▶ Required work:
Which lines in the material below contain the word "Christmas"? Copy each of them.

▶ The data:
⁂

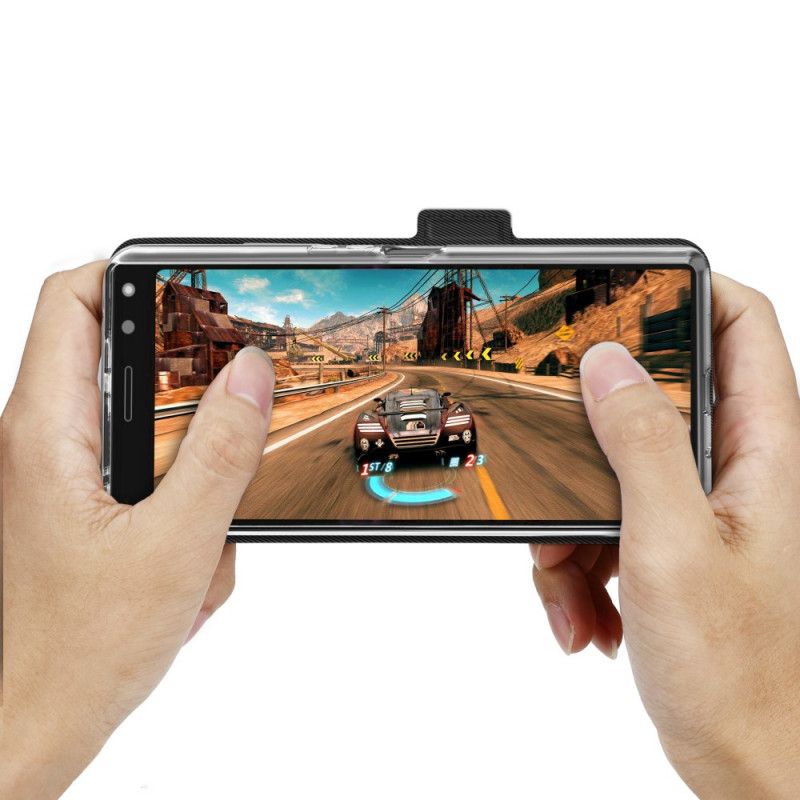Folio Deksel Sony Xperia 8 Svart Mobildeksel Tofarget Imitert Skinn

⁂

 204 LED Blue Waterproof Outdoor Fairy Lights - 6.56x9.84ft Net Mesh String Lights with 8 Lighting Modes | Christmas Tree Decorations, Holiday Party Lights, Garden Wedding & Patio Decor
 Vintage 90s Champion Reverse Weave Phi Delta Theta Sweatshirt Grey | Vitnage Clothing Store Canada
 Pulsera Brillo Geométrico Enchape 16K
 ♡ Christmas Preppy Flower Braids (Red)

⁂

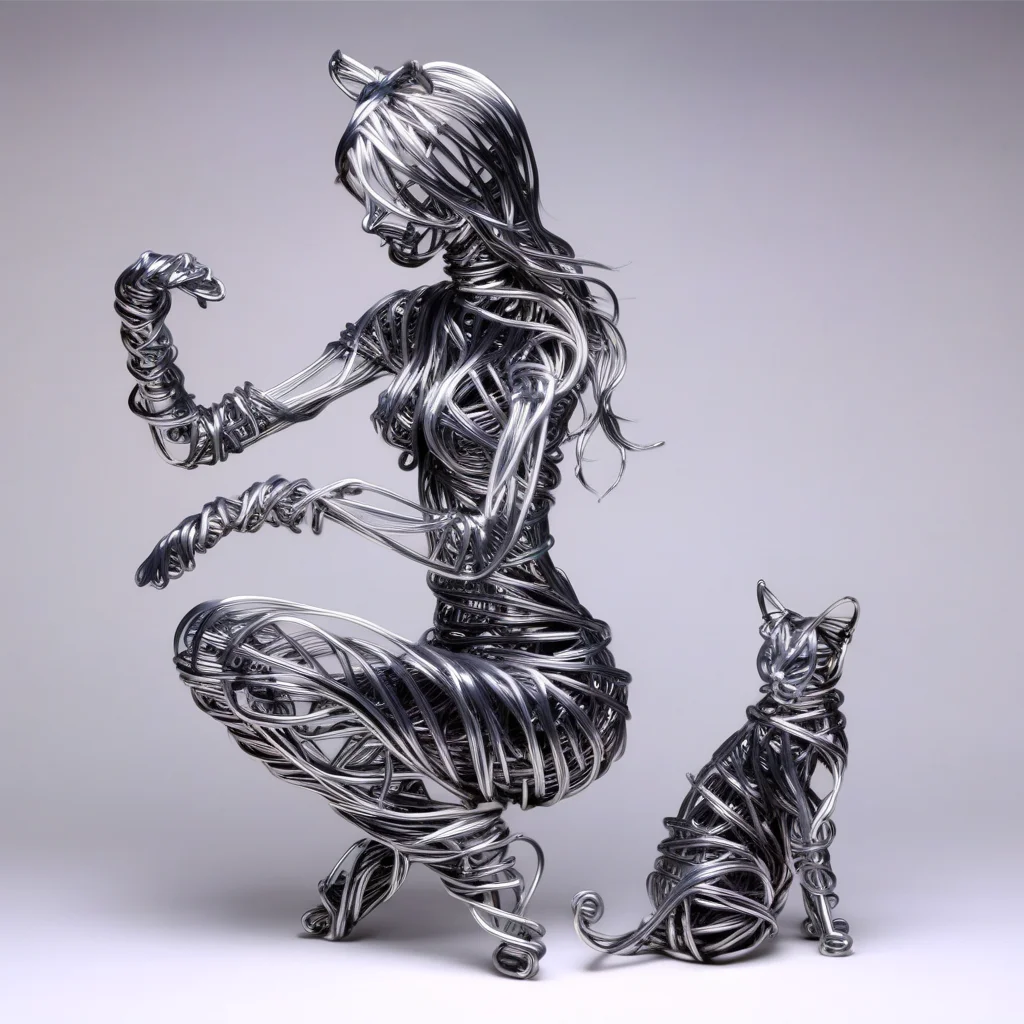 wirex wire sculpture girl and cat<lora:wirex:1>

⁂

▶ Final answer:
 204 LED Blue Waterproof Outdoor Fairy Lights - 6.56x9.84ft Net Mesh String Lights with 8 Lighting Modes | Christmas Tree Decorations, Holiday Party Lights, Garden Wedding & Patio Decor
 ♡ Christmas Preppy Flower Braids (Red)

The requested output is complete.